Another reasonable concern is that patents are not the best proxy for innovation here. Many innovative ideas, in particular process improvements, are never patented. Patents are the best proxy we have for innovation at the moment, and using them is reasonable, but we might be concerned that the choice to patent or not patent an item is itself endogenous to market competition. For instance, suppose that companies in tighter competition acquire patents to defend their ideas, while companies facing little competition choose to keep their ideas a secret instead. Companies which face the strongest competition do not innovate, so they neither patent nor innovate. In such a world, we would get a spurious U-shape.

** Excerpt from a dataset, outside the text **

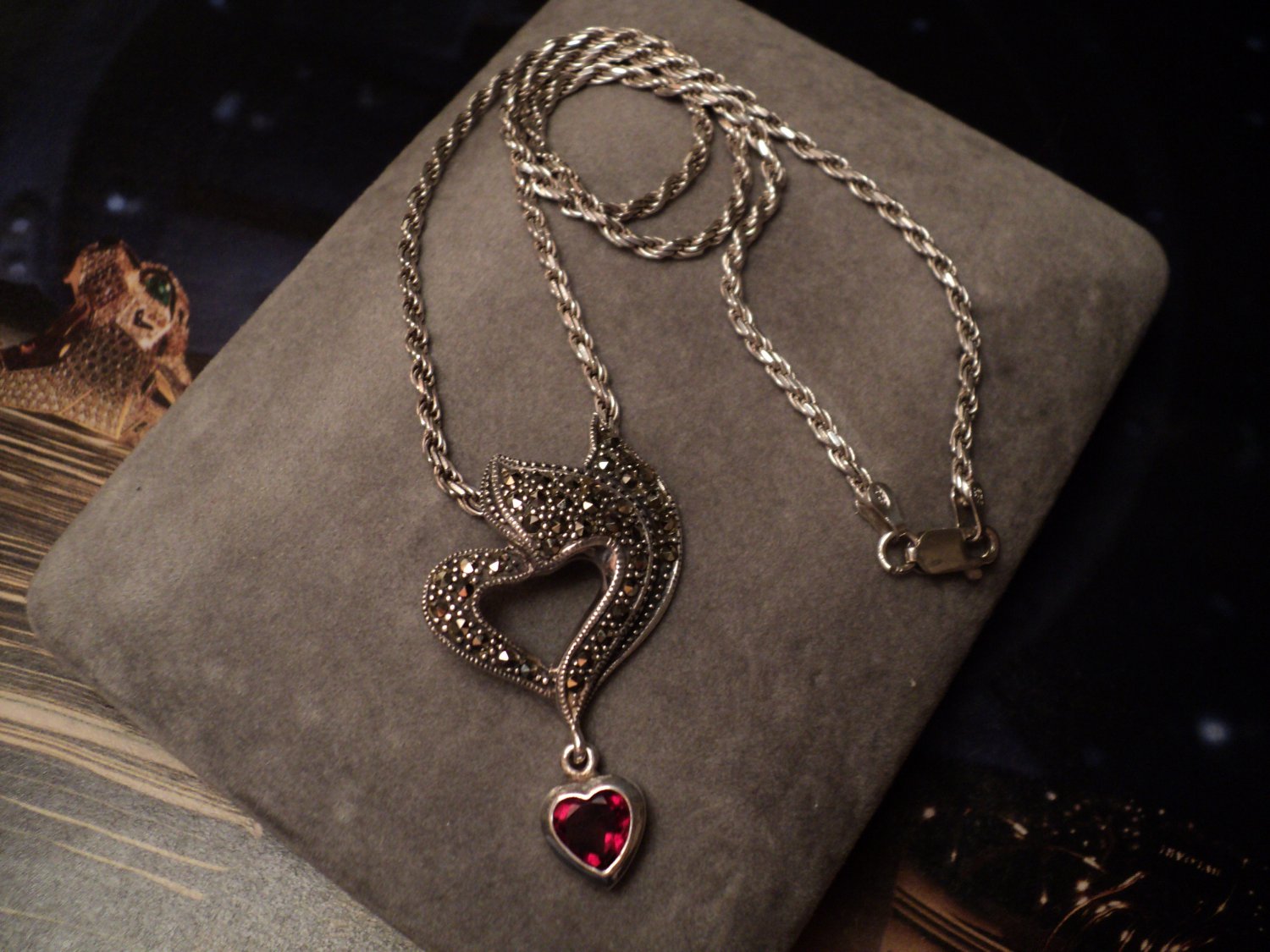 Solid .925 STERLING SILVER Genuine GARNET MARCASITE Layerd HEART Rope NECKLACE 18"L Womens Red UPC: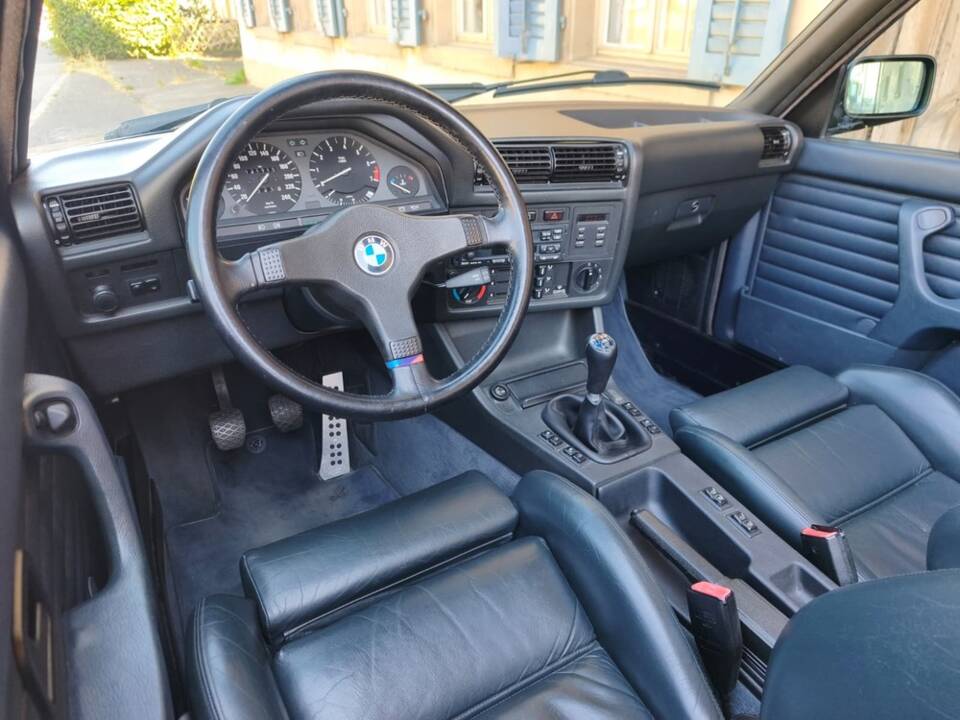 Afbeelding 13/26 van BMW 325i (1989)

So what about the other evidence than this? It’s the same sort of muddle. There are papers which find an inverted U. There are papers which do not find an inverted U. Everything in this literature doesn’t publish well, because it’s all fundamentally kinda shabby. We’re trying to fit regression curves on not many observations with poor knowledge of both our x and y variables in a sample which is selected in ways we do not understand. The most recent literature review that I can find is here; readers braver than I are welcome to sort through the papers mentioned.
I’ve seen enough to make conclusions. I do not think that the inverted U of competition and innovation is remotely proven, much less conclusively proven as Aghion has stated many times. What this does strongly argue for, however, is that monopolies are not particularly great for innovation, which does strongly contradict the Romer view of profits being a sufficient statistic for innovation. There is a lot of evidence that total factor productivity is higher when there is more competition, for reasons that are not always clear. I am similarly inclined to believe that competition is good for innovation too.
Really cool, thank you!
("They normalize perfect competition to one by setting" is missing the end of the sentence)
Really interesting— I liked going through their model in the scientific background on the Nobel Prize site, it felt intuitive (and interesting to think about a world with TOO much growth). Also a welcome change from pretty much only learning Solow’s as an undergrad.
But it’s nice to look at the empirical evidence shown, which was kind of hand waved in the background.